Why is that? MongoDB is very cool. It might be a little memory intensive for me but everything else is great.
There's nothing it's particularly good at, and several things it's outright bad at - data integrity being an important one. MongoDB has an
extremely poor track record in data integrity - to the point where until fairly recently, it would quietly throw away any data it couldn't store, which would be anything above some 3GB on a 32-bits system. Emphasis on 'silently' - it wouldn't even give you an error, just pretend that the write succeeded.
Other problems include it being non-relational (almost all data is actually relational), not having schemas (basically all data has schemas), hard to maintain, and performance not being very good.

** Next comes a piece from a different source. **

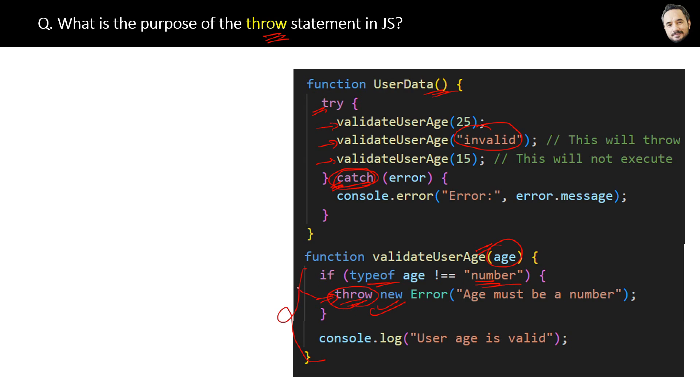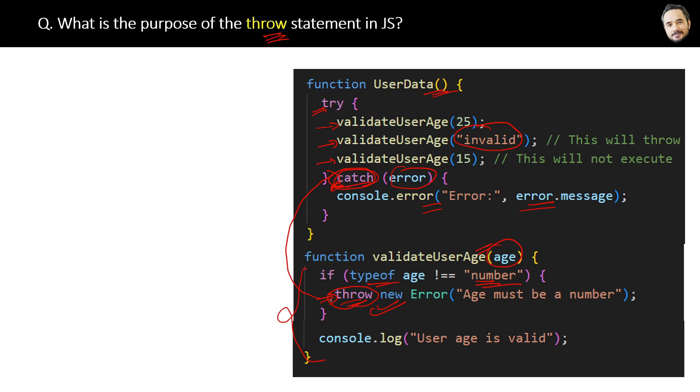...and handle and log the error properly. So the throw keyword is used to pass the error from the called function to the caller function.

Here's an article on the reasons why a company moved from MongoDB to PostgreSQL,
here's an article discussing data integrity issues during replication,
here's an article about performance, and
here is how you can store schemaless JSON in PostgreSQL if you absolutely need to (although you should use JSONB rather than JSON).
TL;DR MongoDB is primarily hype, it doesn't have any actual redeeming features. It offers 'fake' simplicity by not offering you a schema or meaningful relational constructs - things you will basically always need anyway, and will just end up reimplementing poorly. There is absolutely no evidence that MongoDB 'outperforms' anything in a real-world setting besides CouchDB.